_Exercise requirements:_ Give back the line where "Blue Sapphire Ring" appears and all the lines after it until the listing ends, unchanged and with nothing else.

■ ■ ■ ■ ■

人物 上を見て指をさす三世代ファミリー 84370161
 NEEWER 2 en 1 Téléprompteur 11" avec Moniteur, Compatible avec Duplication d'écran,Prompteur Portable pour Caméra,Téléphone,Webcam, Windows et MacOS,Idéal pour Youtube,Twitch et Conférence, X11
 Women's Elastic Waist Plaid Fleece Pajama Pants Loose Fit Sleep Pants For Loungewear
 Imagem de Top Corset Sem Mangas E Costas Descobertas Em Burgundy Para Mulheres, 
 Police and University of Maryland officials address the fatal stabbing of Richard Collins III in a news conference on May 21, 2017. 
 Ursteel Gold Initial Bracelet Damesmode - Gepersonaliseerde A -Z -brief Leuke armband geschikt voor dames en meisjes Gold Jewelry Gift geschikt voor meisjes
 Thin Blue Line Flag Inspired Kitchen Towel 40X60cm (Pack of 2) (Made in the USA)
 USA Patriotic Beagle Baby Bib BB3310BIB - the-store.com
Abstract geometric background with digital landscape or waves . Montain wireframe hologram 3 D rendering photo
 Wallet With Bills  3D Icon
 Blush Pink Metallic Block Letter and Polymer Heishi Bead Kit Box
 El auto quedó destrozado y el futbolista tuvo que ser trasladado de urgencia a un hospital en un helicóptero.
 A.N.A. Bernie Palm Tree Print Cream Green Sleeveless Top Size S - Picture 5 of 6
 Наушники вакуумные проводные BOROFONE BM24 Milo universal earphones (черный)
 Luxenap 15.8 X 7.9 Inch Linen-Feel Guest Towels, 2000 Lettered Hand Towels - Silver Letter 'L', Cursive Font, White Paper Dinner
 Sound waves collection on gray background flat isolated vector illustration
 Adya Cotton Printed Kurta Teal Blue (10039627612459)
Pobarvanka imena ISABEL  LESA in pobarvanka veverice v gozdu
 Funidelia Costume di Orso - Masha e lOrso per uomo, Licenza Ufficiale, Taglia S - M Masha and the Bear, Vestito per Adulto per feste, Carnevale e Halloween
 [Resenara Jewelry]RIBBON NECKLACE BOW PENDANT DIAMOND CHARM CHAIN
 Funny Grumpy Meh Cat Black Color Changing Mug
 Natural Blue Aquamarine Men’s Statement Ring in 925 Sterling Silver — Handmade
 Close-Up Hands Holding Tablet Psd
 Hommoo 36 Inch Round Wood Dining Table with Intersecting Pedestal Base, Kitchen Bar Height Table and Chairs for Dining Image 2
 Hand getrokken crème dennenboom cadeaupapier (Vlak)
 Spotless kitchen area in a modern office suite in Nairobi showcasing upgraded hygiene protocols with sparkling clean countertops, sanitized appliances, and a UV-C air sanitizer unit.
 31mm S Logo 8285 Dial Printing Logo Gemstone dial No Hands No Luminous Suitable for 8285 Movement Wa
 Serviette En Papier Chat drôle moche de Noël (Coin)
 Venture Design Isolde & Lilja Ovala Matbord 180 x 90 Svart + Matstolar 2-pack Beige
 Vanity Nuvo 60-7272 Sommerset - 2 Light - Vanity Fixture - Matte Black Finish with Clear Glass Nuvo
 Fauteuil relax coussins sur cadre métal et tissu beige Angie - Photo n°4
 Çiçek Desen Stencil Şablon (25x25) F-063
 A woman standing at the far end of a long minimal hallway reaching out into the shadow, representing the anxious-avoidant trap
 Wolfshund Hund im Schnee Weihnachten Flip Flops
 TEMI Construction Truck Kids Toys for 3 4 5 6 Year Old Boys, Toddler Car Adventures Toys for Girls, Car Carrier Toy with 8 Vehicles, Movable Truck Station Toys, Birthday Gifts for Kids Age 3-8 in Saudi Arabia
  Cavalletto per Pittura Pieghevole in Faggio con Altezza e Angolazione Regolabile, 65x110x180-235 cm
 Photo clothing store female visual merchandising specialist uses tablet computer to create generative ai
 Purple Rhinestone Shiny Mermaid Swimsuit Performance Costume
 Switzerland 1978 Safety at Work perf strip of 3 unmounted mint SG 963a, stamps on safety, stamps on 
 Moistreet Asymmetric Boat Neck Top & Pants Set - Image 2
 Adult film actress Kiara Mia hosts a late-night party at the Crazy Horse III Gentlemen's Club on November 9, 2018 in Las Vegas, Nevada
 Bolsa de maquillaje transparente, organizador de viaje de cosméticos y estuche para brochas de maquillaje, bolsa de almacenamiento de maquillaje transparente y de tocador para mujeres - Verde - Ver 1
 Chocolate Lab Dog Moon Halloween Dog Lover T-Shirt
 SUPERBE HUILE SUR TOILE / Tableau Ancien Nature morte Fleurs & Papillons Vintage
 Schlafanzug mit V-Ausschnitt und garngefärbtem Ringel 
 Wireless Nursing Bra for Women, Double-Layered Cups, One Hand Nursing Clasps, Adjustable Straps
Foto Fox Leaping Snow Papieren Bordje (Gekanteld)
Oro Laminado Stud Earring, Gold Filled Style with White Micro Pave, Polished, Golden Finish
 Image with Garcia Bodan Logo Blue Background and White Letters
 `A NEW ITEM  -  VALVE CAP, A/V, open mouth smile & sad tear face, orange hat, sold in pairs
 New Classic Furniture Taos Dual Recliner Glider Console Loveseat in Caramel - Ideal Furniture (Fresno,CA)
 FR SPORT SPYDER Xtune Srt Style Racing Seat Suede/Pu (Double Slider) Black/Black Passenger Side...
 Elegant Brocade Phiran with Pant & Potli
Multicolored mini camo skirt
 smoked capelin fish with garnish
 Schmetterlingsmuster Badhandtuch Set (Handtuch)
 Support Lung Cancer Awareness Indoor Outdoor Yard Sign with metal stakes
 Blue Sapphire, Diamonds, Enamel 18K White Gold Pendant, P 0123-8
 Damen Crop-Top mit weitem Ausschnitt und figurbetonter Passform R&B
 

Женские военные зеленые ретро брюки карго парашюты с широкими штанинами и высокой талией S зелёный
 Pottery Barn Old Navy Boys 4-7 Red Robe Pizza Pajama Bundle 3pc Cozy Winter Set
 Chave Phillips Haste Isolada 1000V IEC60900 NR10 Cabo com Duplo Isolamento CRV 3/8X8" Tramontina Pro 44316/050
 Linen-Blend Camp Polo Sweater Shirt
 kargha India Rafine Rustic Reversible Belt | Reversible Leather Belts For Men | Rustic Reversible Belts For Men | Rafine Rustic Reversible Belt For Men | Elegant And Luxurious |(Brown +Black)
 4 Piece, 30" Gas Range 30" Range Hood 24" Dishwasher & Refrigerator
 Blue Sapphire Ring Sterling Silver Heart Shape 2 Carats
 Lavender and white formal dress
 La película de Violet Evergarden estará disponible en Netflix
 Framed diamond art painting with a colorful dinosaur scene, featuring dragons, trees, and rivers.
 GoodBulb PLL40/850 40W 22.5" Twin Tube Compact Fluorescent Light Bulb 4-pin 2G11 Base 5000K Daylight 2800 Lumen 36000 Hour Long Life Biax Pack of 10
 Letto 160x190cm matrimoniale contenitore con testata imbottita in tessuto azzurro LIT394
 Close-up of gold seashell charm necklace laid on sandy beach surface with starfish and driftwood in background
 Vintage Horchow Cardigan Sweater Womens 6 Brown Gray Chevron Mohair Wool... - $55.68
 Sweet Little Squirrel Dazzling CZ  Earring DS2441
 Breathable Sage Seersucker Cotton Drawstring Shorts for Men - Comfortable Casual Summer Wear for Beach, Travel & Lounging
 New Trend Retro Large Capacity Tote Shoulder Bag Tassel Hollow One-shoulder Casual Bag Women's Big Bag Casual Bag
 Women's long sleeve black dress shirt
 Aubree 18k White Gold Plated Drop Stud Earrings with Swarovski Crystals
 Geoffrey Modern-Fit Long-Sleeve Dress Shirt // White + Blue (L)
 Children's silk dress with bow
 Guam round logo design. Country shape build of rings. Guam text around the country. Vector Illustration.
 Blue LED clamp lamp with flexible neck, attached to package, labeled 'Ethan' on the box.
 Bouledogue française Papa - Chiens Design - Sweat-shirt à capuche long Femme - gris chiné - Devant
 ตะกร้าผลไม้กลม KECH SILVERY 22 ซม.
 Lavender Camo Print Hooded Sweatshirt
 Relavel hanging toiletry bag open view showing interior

■ ■ ■ ■ ■

_Task result:_
 Blue Sapphire Ring Sterling Silver Heart Shape 2 Carats
 Lavender and white formal dress
 La película de Violet Evergarden estará disponible en Netflix
 Framed diamond art painting with a colorful dinosaur scene, featuring dragons, trees, and rivers.
 GoodBulb PLL40/850 40W 22.5" Twin Tube Compact Fluorescent Light Bulb 4-pin 2G11 Base 5000K Daylight 2800 Lumen 36000 Hour Long Life Biax Pack of 10
 Letto 160x190cm matrimoniale contenitore con testata imbottita in tessuto azzurro LIT394
 Close-up of gold seashell charm necklace laid on sandy beach surface with starfish and driftwood in background
 Vintage Horchow Cardigan Sweater Womens 6 Brown Gray Chevron Mohair Wool... - $55.68
 Sweet Little Squirrel Dazzling CZ  Earring DS2441
 Breathable Sage Seersucker Cotton Drawstring Shorts for Men - Comfortable Casual Summer Wear for Beach, Travel & Lounging
 New Trend Retro Large Capacity Tote Shoulder Bag Tassel Hollow One-shoulder Casual Bag Women's Big Bag Casual Bag
 Women's long sleeve black dress shirt
 Aubree 18k White Gold Plated Drop Stud Earrings with Swarovski Crystals
 Geoffrey Modern-Fit Long-Sleeve Dress Shirt // White + Blue (L)
 Children's silk dress with bow
 Guam round logo design. Country shape build of rings. Guam text around the country. Vector Illustration.
 Blue LED clamp lamp with flexible neck, attached to package, labeled 'Ethan' on the box.
 Bouledogue française Papa - Chiens Design - Sweat-shirt à capuche long Femme - gris chiné - Devant
 ตะกร้าผลไม้กลม KECH SILVERY 22 ซม.
 Lavender Camo Print Hooded Sweatshirt
 Relavel hanging toiletry bag open view showing interior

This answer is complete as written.